Assigned task
All records that follow are to be restated exactly.

Exercise inputs
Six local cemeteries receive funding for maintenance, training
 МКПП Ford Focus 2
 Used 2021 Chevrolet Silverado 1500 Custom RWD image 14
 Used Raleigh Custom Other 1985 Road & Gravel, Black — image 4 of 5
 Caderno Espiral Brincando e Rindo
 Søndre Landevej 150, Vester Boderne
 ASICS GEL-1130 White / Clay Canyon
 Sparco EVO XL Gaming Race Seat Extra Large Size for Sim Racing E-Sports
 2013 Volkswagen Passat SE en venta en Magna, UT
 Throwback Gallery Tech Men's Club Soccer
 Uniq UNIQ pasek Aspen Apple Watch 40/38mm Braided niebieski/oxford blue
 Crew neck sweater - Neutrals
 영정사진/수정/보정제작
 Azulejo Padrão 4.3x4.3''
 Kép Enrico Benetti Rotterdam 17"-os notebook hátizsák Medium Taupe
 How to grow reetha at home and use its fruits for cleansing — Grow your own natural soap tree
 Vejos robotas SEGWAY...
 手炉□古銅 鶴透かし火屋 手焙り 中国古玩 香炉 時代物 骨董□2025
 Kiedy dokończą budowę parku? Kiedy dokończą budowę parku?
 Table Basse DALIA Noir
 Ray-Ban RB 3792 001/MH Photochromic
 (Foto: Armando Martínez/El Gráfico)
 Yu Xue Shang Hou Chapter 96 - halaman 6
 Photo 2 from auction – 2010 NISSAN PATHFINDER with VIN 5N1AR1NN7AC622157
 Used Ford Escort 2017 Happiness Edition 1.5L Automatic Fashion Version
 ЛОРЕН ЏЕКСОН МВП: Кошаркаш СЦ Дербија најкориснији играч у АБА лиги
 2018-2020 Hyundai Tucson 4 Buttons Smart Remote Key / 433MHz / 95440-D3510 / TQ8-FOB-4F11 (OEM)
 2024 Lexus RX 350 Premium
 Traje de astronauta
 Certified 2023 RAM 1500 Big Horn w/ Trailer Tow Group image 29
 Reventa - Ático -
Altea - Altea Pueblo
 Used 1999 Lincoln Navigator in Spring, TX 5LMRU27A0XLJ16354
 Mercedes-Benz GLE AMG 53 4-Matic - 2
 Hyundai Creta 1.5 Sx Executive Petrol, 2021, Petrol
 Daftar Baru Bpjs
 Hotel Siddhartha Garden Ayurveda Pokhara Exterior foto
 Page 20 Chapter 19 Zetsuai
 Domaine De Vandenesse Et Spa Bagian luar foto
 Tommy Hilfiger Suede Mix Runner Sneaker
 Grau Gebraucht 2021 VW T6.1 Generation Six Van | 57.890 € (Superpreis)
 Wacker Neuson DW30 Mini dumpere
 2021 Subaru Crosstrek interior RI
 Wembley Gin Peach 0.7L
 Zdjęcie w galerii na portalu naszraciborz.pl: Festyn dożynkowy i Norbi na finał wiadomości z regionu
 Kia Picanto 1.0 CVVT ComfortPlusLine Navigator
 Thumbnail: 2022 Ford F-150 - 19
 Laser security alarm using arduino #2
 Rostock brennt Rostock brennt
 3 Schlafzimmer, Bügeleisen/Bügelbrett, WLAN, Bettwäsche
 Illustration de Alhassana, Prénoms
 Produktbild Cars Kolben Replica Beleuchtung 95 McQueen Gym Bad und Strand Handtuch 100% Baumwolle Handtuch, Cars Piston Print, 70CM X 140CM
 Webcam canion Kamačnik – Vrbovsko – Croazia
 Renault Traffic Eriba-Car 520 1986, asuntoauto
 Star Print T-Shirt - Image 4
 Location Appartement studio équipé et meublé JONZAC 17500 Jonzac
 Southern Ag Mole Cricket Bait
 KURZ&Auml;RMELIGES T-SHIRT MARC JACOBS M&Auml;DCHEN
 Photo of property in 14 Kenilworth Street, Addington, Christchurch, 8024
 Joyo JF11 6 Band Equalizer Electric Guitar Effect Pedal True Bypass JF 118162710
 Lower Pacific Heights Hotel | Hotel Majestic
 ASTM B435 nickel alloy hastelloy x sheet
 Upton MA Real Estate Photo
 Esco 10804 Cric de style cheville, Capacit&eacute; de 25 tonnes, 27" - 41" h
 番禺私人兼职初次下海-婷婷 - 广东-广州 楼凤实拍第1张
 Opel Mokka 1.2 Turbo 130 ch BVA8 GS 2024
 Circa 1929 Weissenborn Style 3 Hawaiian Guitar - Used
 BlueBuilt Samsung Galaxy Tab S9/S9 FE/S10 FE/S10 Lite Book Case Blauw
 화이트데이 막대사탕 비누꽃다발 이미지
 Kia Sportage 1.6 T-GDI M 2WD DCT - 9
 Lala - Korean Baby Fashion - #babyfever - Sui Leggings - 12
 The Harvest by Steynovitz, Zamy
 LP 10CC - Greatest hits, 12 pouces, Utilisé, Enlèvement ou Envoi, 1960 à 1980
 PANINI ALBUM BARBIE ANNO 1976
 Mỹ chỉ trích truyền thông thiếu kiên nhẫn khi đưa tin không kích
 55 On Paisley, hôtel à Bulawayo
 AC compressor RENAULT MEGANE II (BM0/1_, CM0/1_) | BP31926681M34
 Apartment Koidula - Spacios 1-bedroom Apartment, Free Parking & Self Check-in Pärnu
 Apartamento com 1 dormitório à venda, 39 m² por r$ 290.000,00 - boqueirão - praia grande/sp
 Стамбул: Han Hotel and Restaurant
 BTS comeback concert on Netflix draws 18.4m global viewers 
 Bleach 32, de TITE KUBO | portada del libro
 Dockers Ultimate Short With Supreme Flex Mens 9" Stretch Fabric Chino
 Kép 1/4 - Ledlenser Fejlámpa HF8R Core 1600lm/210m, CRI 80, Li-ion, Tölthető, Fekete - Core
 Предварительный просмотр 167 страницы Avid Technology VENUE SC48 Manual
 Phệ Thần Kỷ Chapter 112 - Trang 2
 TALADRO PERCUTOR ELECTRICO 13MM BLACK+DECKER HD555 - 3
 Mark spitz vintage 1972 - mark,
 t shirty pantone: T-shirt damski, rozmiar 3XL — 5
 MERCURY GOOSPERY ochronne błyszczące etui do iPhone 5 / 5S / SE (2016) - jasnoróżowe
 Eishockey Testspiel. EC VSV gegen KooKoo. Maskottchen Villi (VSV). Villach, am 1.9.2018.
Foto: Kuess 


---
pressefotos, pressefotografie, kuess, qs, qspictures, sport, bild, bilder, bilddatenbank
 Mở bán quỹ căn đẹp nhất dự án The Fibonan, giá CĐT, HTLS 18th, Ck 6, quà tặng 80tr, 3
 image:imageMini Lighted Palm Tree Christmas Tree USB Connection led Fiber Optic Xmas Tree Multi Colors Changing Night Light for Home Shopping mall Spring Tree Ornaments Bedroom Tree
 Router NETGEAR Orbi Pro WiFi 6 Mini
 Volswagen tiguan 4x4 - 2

Reply
Six local cemeteries receive funding for maintenance, training
 МКПП Ford Focus 2
 Used 2021 Chevrolet Silverado 1500 Custom RWD image 14
 Used Raleigh Custom Other 1985 Road & Gravel, Black — image 4 of 5
 Caderno Espiral Brincando e Rindo
 Søndre Landevej 150, Vester Boderne
 ASICS GEL-1130 White / Clay Canyon
 Sparco EVO XL Gaming Race Seat Extra Large Size for Sim Racing E-Sports
 2013 Volkswagen Passat SE en venta en Magna, UT
 Throwback Gallery Tech Men's Club Soccer
 Uniq UNIQ pasek Aspen Apple Watch 40/38mm Braided niebieski/oxford blue
 Crew neck sweater - Neutrals
 영정사진/수정/보정제작
 Azulejo Padrão 4.3x4.3''
 Kép Enrico Benetti Rotterdam 17"-os notebook hátizsák Medium Taupe
 How to grow reetha at home and use its fruits for cleansing — Grow your own natural soap tree
 Vejos robotas SEGWAY...
 手炉□古銅 鶴透かし火屋 手焙り 中国古玩 香炉 時代物 骨董□2025
 Kiedy dokończą budowę parku? Kiedy dokończą budowę parku?
 Table Basse DALIA Noir
 Ray-Ban RB 3792 001/MH Photochromic
 (Foto: Armando Martínez/El Gráfico)
 Yu Xue Shang Hou Chapter 96 - halaman 6
 Photo 2 from auction – 2010 NISSAN PATHFINDER with VIN 5N1AR1NN7AC622157
 Used Ford Escort 2017 Happiness Edition 1.5L Automatic Fashion Version
 ЛОРЕН ЏЕКСОН МВП: Кошаркаш СЦ Дербија најкориснији играч у АБА лиги
 2018-2020 Hyundai Tucson 4 Buttons Smart Remote Key / 433MHz / 95440-D3510 / TQ8-FOB-4F11 (OEM)
 2024 Lexus RX 350 Premium
 Traje de astronauta
 Certified 2023 RAM 1500 Big Horn w/ Trailer Tow Group image 29
 Reventa - Ático -
Altea - Altea Pueblo
 Used 1999 Lincoln Navigator in Spring, TX 5LMRU27A0XLJ16354
 Mercedes-Benz GLE AMG 53 4-Matic - 2
 Hyundai Creta 1.5 Sx Executive Petrol, 2021, Petrol
 Daftar Baru Bpjs
 Hotel Siddhartha Garden Ayurveda Pokhara Exterior foto
 Page 20 Chapter 19 Zetsuai
 Domaine De Vandenesse Et Spa Bagian luar foto
 Tommy Hilfiger Suede Mix Runner Sneaker
 Grau Gebraucht 2021 VW T6.1 Generation Six Van | 57.890 € (Superpreis)
 Wacker Neuson DW30 Mini dumpere
 2021 Subaru Crosstrek interior RI
 Wembley Gin Peach 0.7L
 Zdjęcie w galerii na portalu naszraciborz.pl: Festyn dożynkowy i Norbi na finał wiadomości z regionu
 Kia Picanto 1.0 CVVT ComfortPlusLine Navigator
 Thumbnail: 2022 Ford F-150 - 19
 Laser security alarm using arduino #2
 Rostock brennt Rostock brennt
 3 Schlafzimmer, Bügeleisen/Bügelbrett, WLAN, Bettwäsche
 Illustration de Alhassana, Prénoms
 Produktbild Cars Kolben Replica Beleuchtung 95 McQueen Gym Bad und Strand Handtuch 100% Baumwolle Handtuch, Cars Piston Print, 70CM X 140CM
 Webcam canion Kamačnik – Vrbovsko – Croazia
 Renault Traffic Eriba-Car 520 1986, asuntoauto
 Star Print T-Shirt - Image 4
 Location Appartement studio équipé et meublé JONZAC 17500 Jonzac
 Southern Ag Mole Cricket Bait
 KURZ&Auml;RMELIGES T-SHIRT MARC JACOBS M&Auml;DCHEN
 Photo of property in 14 Kenilworth Street, Addington, Christchurch, 8024
 Joyo JF11 6 Band Equalizer Electric Guitar Effect Pedal True Bypass JF 118162710
 Lower Pacific Heights Hotel | Hotel Majestic
 ASTM B435 nickel alloy hastelloy x sheet
 Upton MA Real Estate Photo
 Esco 10804 Cric de style cheville, Capacit&eacute; de 25 tonnes, 27" - 41" h
 番禺私人兼职初次下海-婷婷 - 广东-广州 楼凤实拍第1张
 Opel Mokka 1.2 Turbo 130 ch BVA8 GS 2024
 Circa 1929 Weissenborn Style 3 Hawaiian Guitar - Used
 BlueBuilt Samsung Galaxy Tab S9/S9 FE/S10 FE/S10 Lite Book Case Blauw
 화이트데이 막대사탕 비누꽃다발 이미지
 Kia Sportage 1.6 T-GDI M 2WD DCT - 9
 Lala - Korean Baby Fashion - #babyfever - Sui Leggings - 12
 The Harvest by Steynovitz, Zamy
 LP 10CC - Greatest hits, 12 pouces, Utilisé, Enlèvement ou Envoi, 1960 à 1980
 PANINI ALBUM BARBIE ANNO 1976
 Mỹ chỉ trích truyền thông thiếu kiên nhẫn khi đưa tin không kích
 55 On Paisley, hôtel à Bulawayo
 AC compressor RENAULT MEGANE II (BM0/1_, CM0/1_) | BP31926681M34
 Apartment Koidula - Spacios 1-bedroom Apartment, Free Parking & Self Check-in Pärnu
 Apartamento com 1 dormitório à venda, 39 m² por r$ 290.000,00 - boqueirão - praia grande/sp
 Стамбул: Han Hotel and Restaurant
 BTS comeback concert on Netflix draws 18.4m global viewers 
 Bleach 32, de TITE KUBO | portada del libro
 Dockers Ultimate Short With Supreme Flex Mens 9" Stretch Fabric Chino
 Kép 1/4 - Ledlenser Fejlámpa HF8R Core 1600lm/210m, CRI 80, Li-ion, Tölthető, Fekete - Core
 Предварительный просмотр 167 страницы Avid Technology VENUE SC48 Manual
 Phệ Thần Kỷ Chapter 112 - Trang 2
 TALADRO PERCUTOR ELECTRICO 13MM BLACK+DECKER HD555 - 3
 Mark spitz vintage 1972 - mark,
 t shirty pantone: T-shirt damski, rozmiar 3XL — 5
 MERCURY GOOSPERY ochronne błyszczące etui do iPhone 5 / 5S / SE (2016) - jasnoróżowe
 Eishockey Testspiel. EC VSV gegen KooKoo. Maskottchen Villi (VSV). Villach, am 1.9.2018.
Foto: Kuess 


---
pressefotos, pressefotografie, kuess, qs, qspictures, sport, bild, bilder, bilddatenbank
 Mở bán quỹ căn đẹp nhất dự án The Fibonan, giá CĐT, HTLS 18th, Ck 6, quà tặng 80tr, 3
 image:imageMini Lighted Palm Tree Christmas Tree USB Connection led Fiber Optic Xmas Tree Multi Colors Changing Night Light for Home Shopping mall Spring Tree Ornaments Bedroom Tree
 Router NETGEAR Orbi Pro WiFi 6 Mini
 Volswagen tiguan 4x4 - 2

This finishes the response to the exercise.